## ABOUT THIS EXERCISE:
Please repeat exactly the lines below from the line with "Bon marché 👍" to the line with "Joe Dombrowski: 5", including both, and leave out every picture.

## DATA IN THIS EXERCISE:
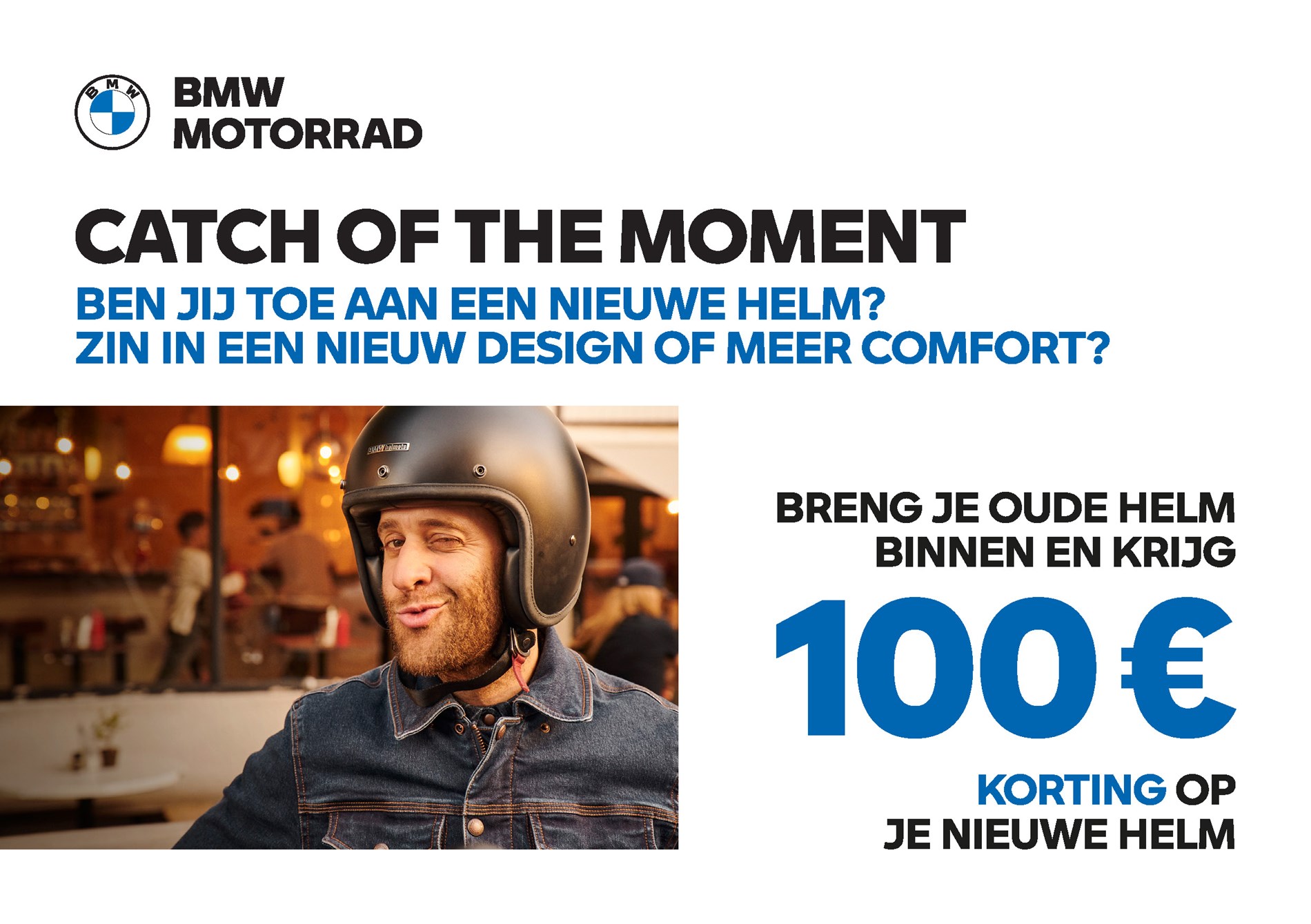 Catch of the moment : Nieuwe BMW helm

---

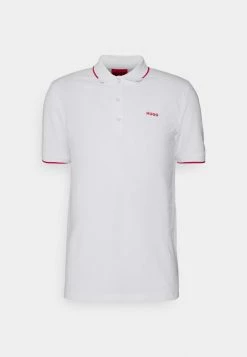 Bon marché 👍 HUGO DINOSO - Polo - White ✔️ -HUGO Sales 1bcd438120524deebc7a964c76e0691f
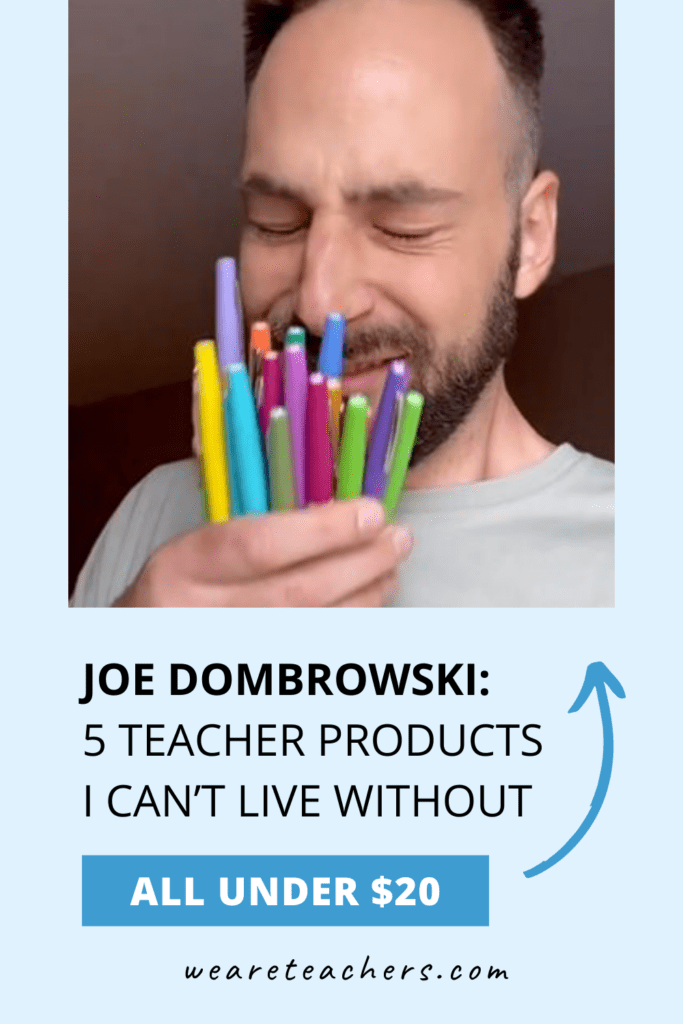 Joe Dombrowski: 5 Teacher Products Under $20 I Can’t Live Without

## EXERCISE ANSWER:
 Bon marché 👍 HUGO DINOSO - Polo - White ✔️ -HUGO Sales 1bcd438120524deebc7a964c76e0691f
 Joe Dombrowski: 5 Teacher Products Under $20 I Can’t Live Without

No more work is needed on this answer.